In light of this, it is only natural that a torn-up Habiba says, "He
[Uncle Ismail] is Satan. But he is a also good man.", articulating one
of the most poignant paradoxes of the play in the simplest and most
searing way possible. Sharma and director Alvin Tan temper the inevitable
grimness of the first two scenes with remarkable tenderness and beauty
in the last: when Habiba takes off her tudung in the final scene, claiming
Eric to be her anak ku sayang (beloved child), it is one of the most
transcendental moments I have seen in theatre.

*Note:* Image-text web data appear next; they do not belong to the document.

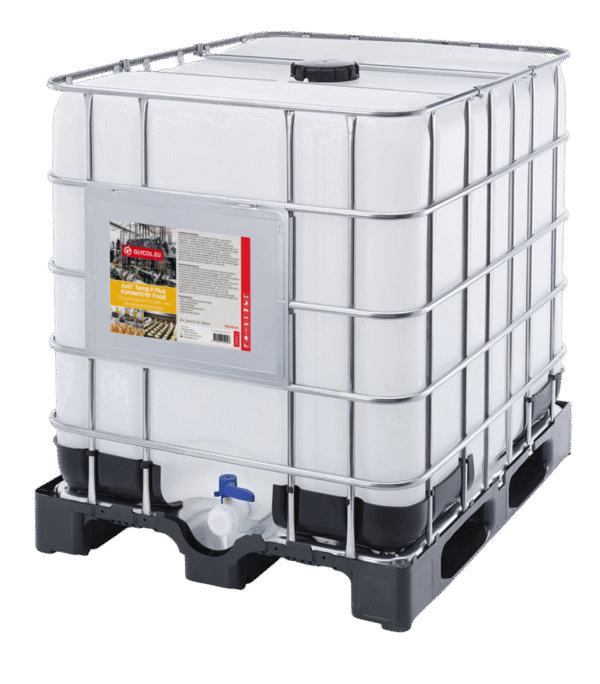 Propyleenglycol Plus Concentraat Voedsel 1000L IBC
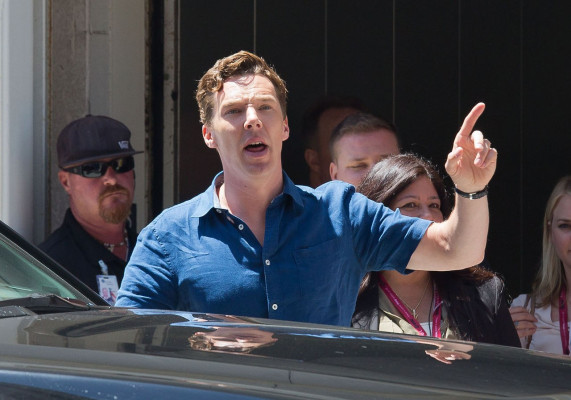 photo 4 in Benedict Cumberbatch gallery [id760416] 2014-09-17 00:00:00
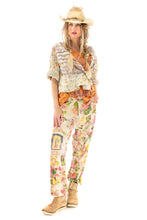 Load image into Gallery viewer, Magnolia Pearl Patchwork Miner Trouser Lady Madonna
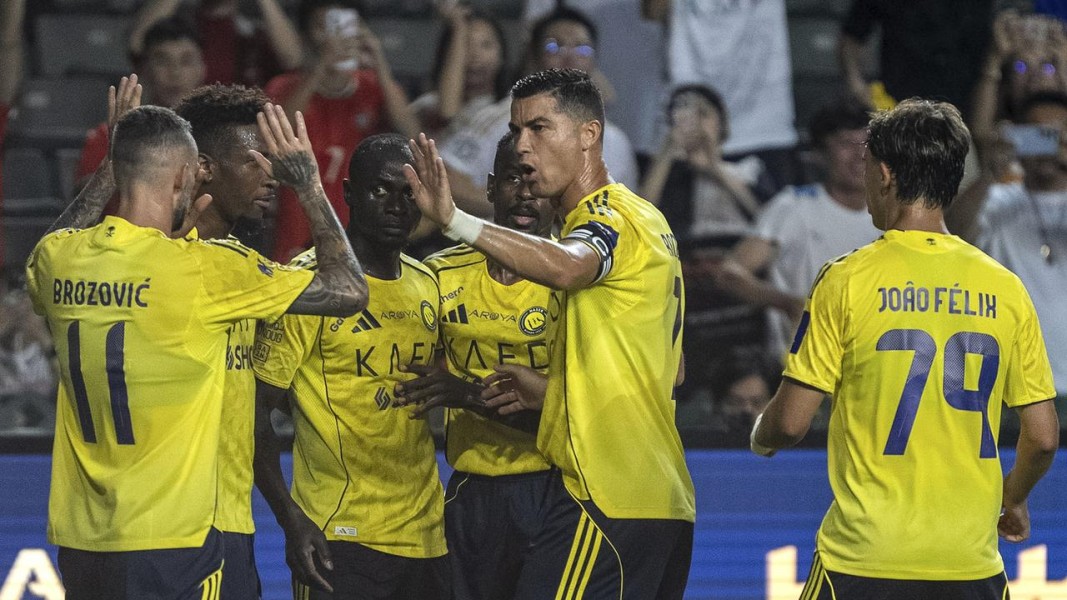 Al Nassr Raih Kemenangan Tipis Atas Al Taawoun Liga Saudi 2026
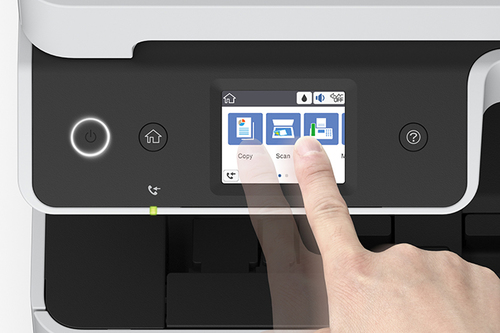Epson EcoTank M3170 Inyección de tinta A4 1200 x 2400 DPI 39 ppm Wifi imagen 3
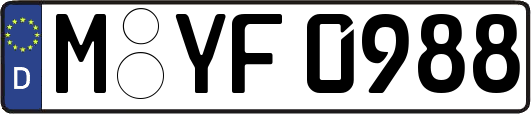 M-YF0988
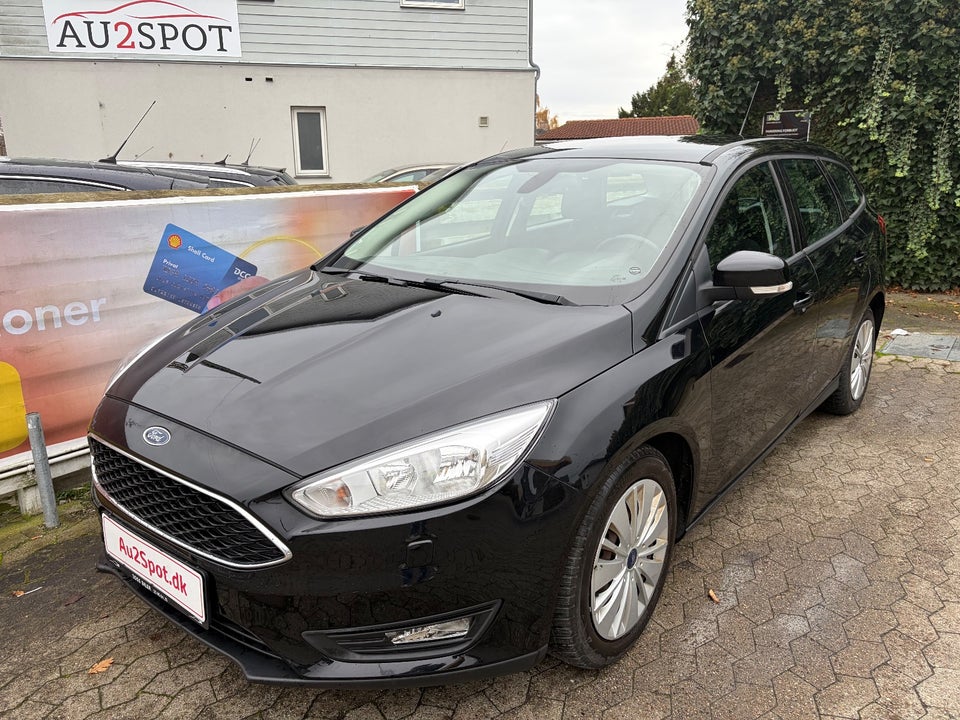 Ford Focus 1,0 SCTi 125 Trend stc. 5d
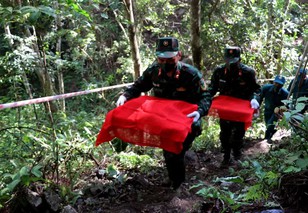 Tuyên Quang: Đi tìm tên cho những người còn nằm lại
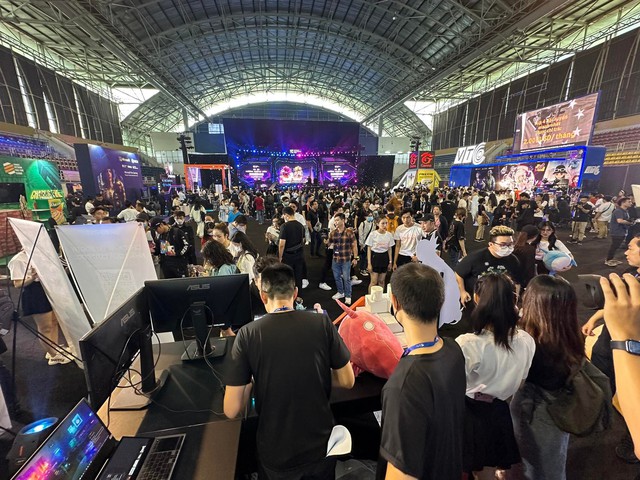Diễn đàn Game Việt Nam 2023: Vượt khó khăn, đón thách thức - Ảnh 6. Diễn đàn Game Việt Nam 2023: Vượt khó khăn, đón thách thức - Ảnh 6.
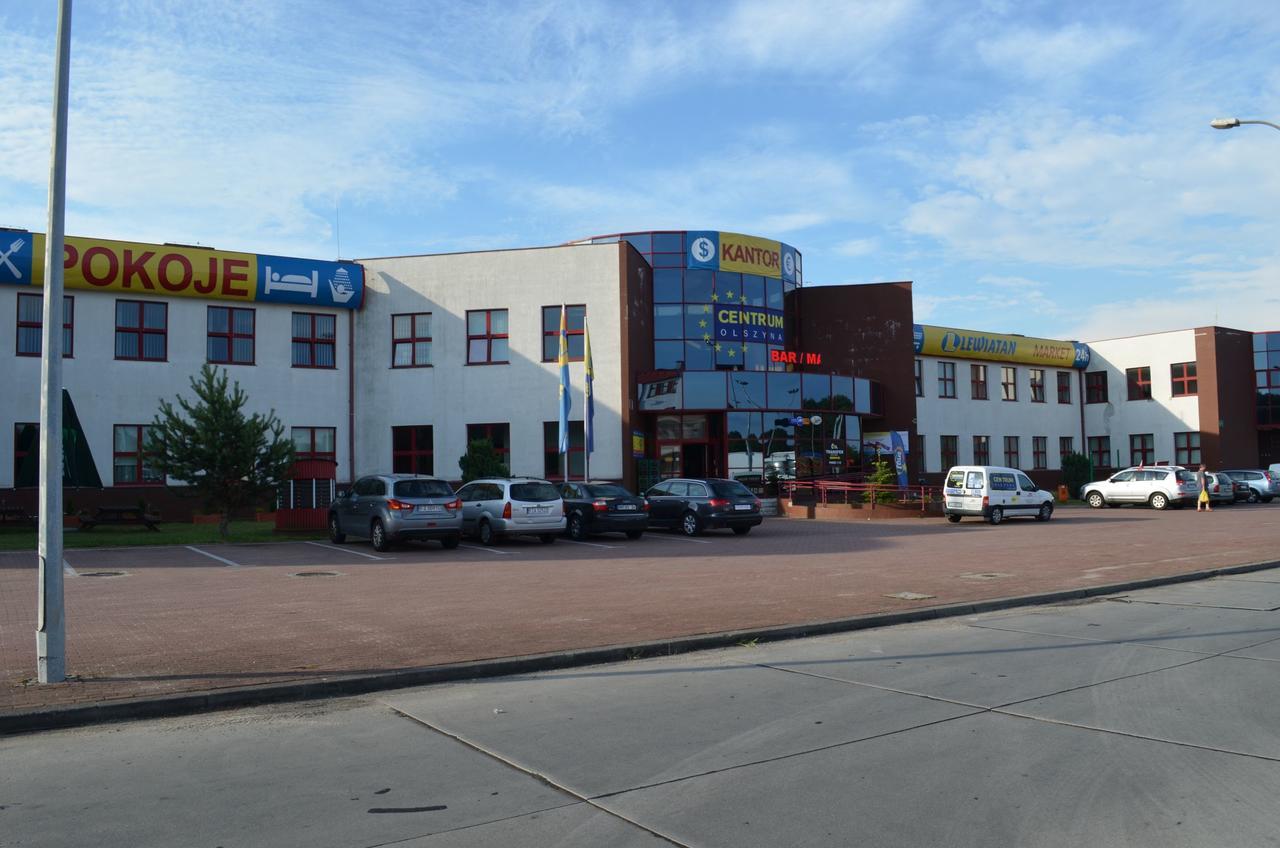 Centrum Olszyna Olszyna  Exterior photo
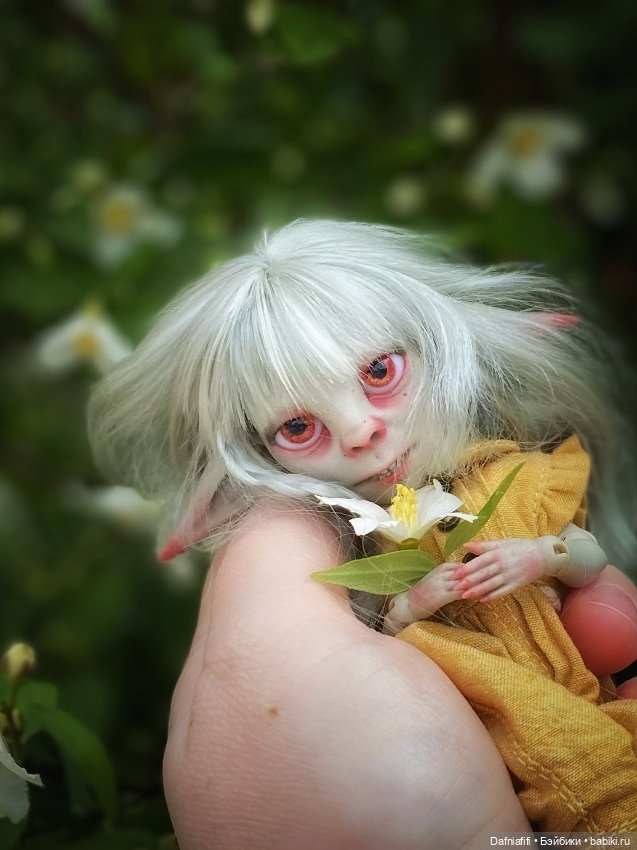 Летнее — Авторские куклы BJD (БЖД) у нас дома: фото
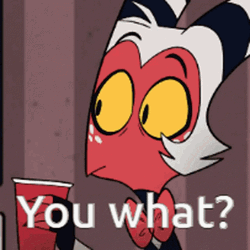 You What Animated Moxxie Hazbin Hotel GIF
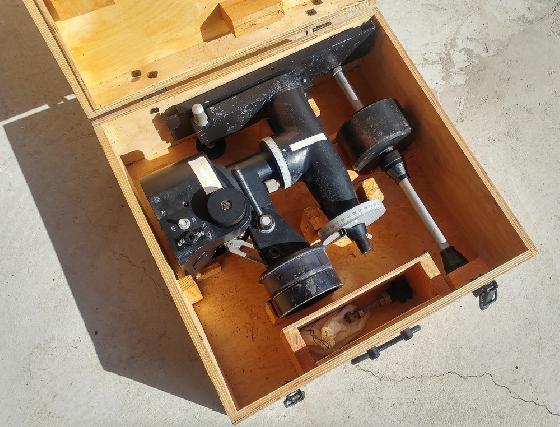 Télescope TAL 150 mm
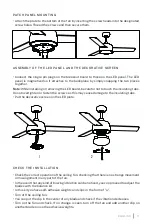 Предварительный просмотр 11 страницы Create WIND BALL User Manual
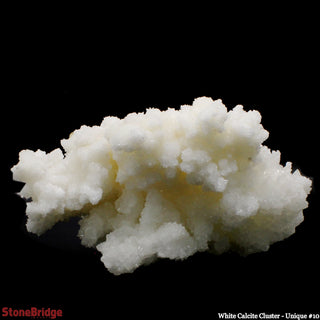 White Calcite Cluster U#10    from Stonebridge Imports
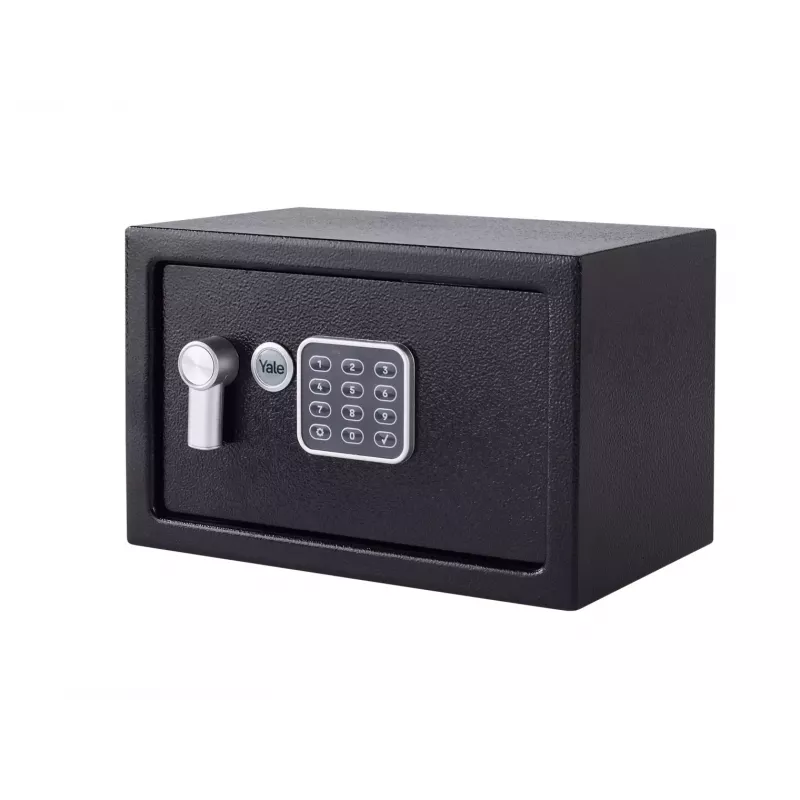 Basic safe YEC compact s alarmom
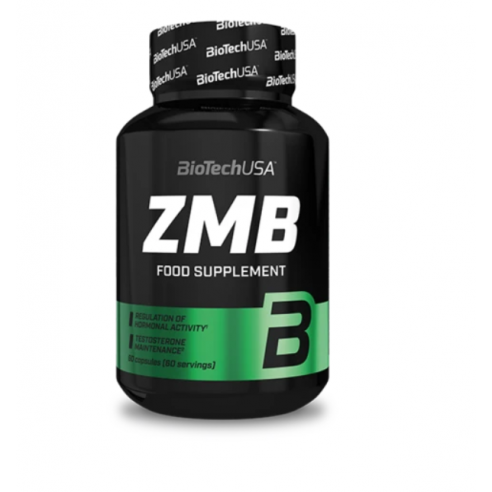 ZMB / 60 capsules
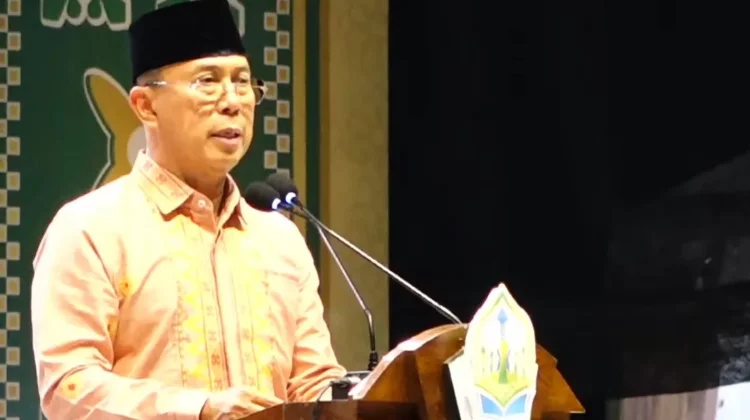 Tutup MTQ XXXI Sultra, Gubernur Apresiasi Konawe dan Targetkan Prestasi Nasional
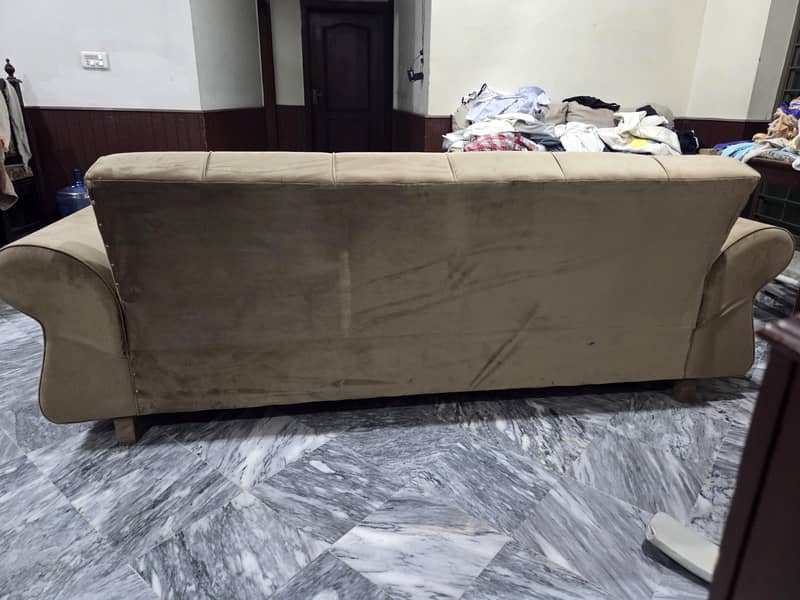 Sofa come bed 3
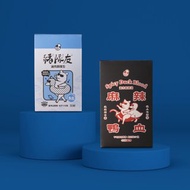 你鴨!鬆開我的手│【945魚鬆】豬隊友滷肉+麻辣鴨血│共6盒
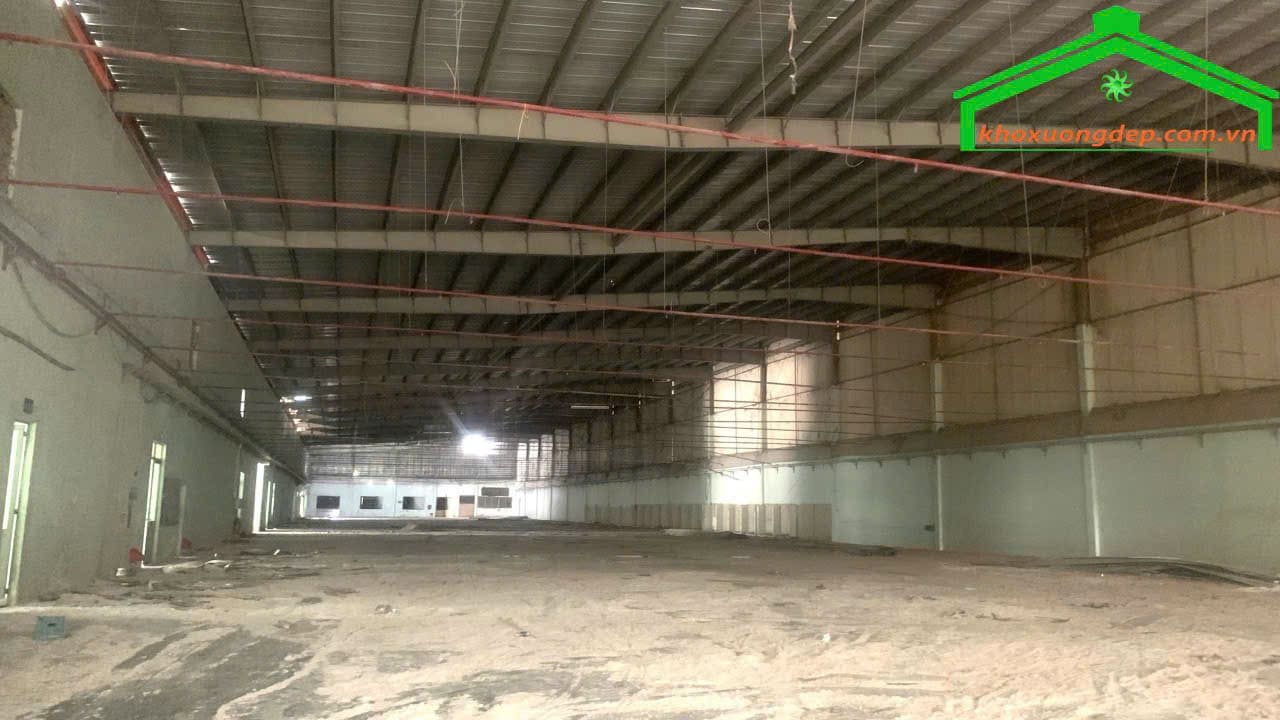 Cho thuê kho xưởng 10000m2 KCN xã Tam Phước, TP. Biên Hòa, tỉnh Đồng Nai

Admittedly, Sharma raises some big questions he cannot answer within
the compass of an eighty-five minute play. Habiba's defiant retort that
they found "girl" instead of "boy" porn on Uncle Ismail's computer could
have been a potentially compelling study of ethical relativism - is
having such perverse sexual relations with females (considered) more
acceptable than with males? This was one of several interesting ideas
raised but not satisfactorily pursued.
But what Sharma communicates powerfully is the mood of acute desolation
that permeates Chua's and Alin's portrayals of Eric and Habiba. Chua
superbly conveys Eric's frenetic isolation as his bottled-up secret
of juvenile sexual abuse threatens to explode and his reminiscences
take increasingly dangerous turns. He is a man in a nightmare, his face
contorting with terror as a hunted look clouds his eyes. An oblivious
Habiba, however, keeps up a stream of merry chatter, making Eric's rapid
self-destruction even starker. When Eric presses his face into Uncle
Ismail's freshly laundered shirts before the first scene fades out,
it is only apt that the stunned expression on Habiba's face is paired
with an anguished silence, articulating the cruelly ironic contrast
between the tenderness with which Eric's secret is communicated, and
its violent, perverse nature.
Lesser actors - and a less confident playwright and director - would
have made Eric and Habiba case studies from a psychology textbook, but
the power of their characters comes not from their status as victims,
but from the precise nature of their victimisation and their responses
to it. Chua and Aidli burrow deep into their characters, turning in
tough, lyrical performances that stay with you. Under Tan's polished
direction, even their seemingly minor vocal inflections and physical
movements reveal their characters' depths: Eric's sentences trail off
when he confronts his father's death, leaving pauses pregnant with the
tension of things left unsaid; while in the following scene, Habiba
nervously paces around the sofa, stalked by Eric's fierce accusations.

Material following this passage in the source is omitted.